Section 4 presents a discussion of the results and 
Section 5 concludes the paper with directions for 
future research. 

2 Caching algorithms 

LRU is widely used as a replacement policy. It is 
well understood and shown to perform well in a wide 
variety of workloads. LRU replaces the least recently 
used block in the cache to make room for a new block. 
In this section, we consider algorithms that take size 
of the request and the data type into account. These 
algorithms may be able to exploit the multiple data 
types and different sizes of requests to improve the 
request response time in a multimedia server. 

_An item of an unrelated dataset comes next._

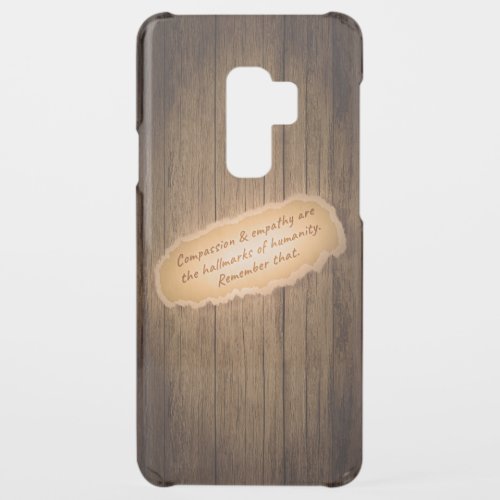 Compassion  Empathy are the Hallmarks of Humanity Uncommon Samsung Galaxy S9 Plus Case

In the first algorithm we consider, text and image 
data are managed by an LRU policy and audio and 
video are always left at the LRU end of an LRU chain, 
i.e., audio and video are managed by an MRU policy. 
Audio and Video data tend to be large objects and 
by using an MRU policy to handle them, we expect 
to limit the impact on other cache contents. Using 
MRU policy to handle audio and video is equivalent 
to stealing some of the cache space for buffering the 
data when audio or video data is accessed. This 
buffer space is returned to the cache if the audio/video 
data is not immediately accessed again. We chose 
to implement an MRU policy for audio/video data 
so as to dynamically change the amount of buffer 
space that can be allocated to such data. Such an 
implementation also enables a fair comparison with 
other policies using the same amount of cache memory. 
We call this policy AVl-MRU. 

The second algorithm we consider is based on the 



size of the request. Any request larger than a certain 
preset threshold (32 KBytes in our simulations) is 
managed by an MRU policy. Requests smaller than 
this threshold are managed by an LRU policy. All the 
requests share the same LRU chain. But blocks of the 
larger requests, after an access, are placed at the LRU 
end of the LRU chain. Again, it is expected that this 
policy would limit larger requests from evicting too 
many smaller requests from the cache. We call this 
policy SIZE-MRU. 

The third policy we consider is a variation of 
SpacexAge algorithm. SpacexAge algorithm is shown 
to be quite effective in minimizing misses in a mass 
storage system [8. 9]. In these systems, the product 
of size and age (since last use) of the file is used in 
determining the candidates for migration to tertiary 
storage. The variation we considered maintains a 
number of LRU chains instead of the usual single 
chain. The chains are partitioned based on request 
size. In our implementation, requests with sizes up to 
2 blocks were put on chain 1, requests between 3 and 
8 blocks on chain 2, requests between 9 and 16 blocks 
on chain 3, and requests above 16 blocks were put on 
chain 4. A block is 4 KB, Each of these chains are 
managed by an LRU policy. When a block needs to 
be replaced from the cache, the space x age product of 
the four LRU blocks (on the four different chains) are 
evaluated and the block with the largest space x age 
product is replaced. It is to be noted that the cache 
space is not partitioned based on sizes and the cache 
space can be used by requests of any size. However, 
larger requests tend to occupy cache space for less time 
than smaller requests. We call this policy SpacexAge. 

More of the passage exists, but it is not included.